MAKASSAR – Durkheim banyak menginspirasi sosiolog lainnya. Di antaranya Maurice Halbwachs, mempopulerkan konsep memori kolektif. Memori kolektif menggunakan masa kini untuk merekonstruksi secara sosial mengenai masa lalu. Konsep ini juga mengindikasikan betapa konteks sosial selalu hadir dan dihadirkan. Sebagai penanda dalam segala aktivitas manusia. Baik yang tersimpan dalam benak personal maupun yang dibagi dengan orang lain sebagai tindakan.

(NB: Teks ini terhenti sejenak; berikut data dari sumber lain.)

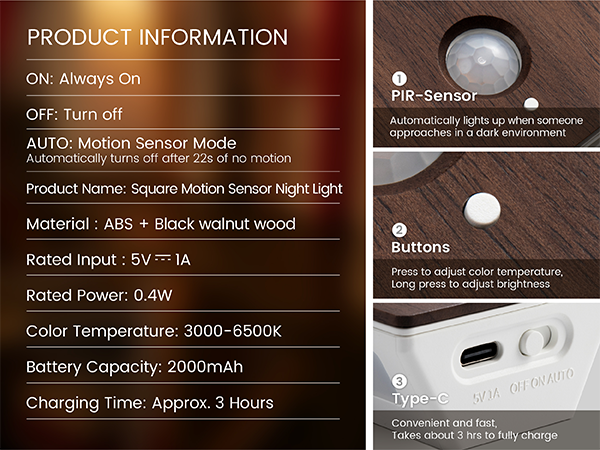 Motion Sensor Night Light, 3CCT Wireless Lights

Baca Juga : Sembilan Elemen Jurnalisme

Konsepsi fakta sosial Durkheim juga dimanfaatkan G. Herbert Mead untuk mewarnai pandangan interaksi simboliknya. Meski Mead lebih dikenal sebagai sosiolog interpretif. Interaksi sosial bukanlah respon langsung seseorang terhadap dunia eksternalnya. Sebelum bertindak, telah menggunakan interpretasi subjektifnya akan objek-objek yang dihadapi. Mendeteksi simbol dan memberinya makna. Menggunakan perjalanan personalnya dalam pergumulan “diri” dan “masyarakat” sebagai jaminan bahwa bukan cuma “saya” yang menganggapnya begitu, tetapi juga lainnya. “Aku” belajar dari mereka begitu banyak hal. Mereka menggunakanku dan peroleh mungkin sedikit hal. Tetapi “Kami” berdialektik.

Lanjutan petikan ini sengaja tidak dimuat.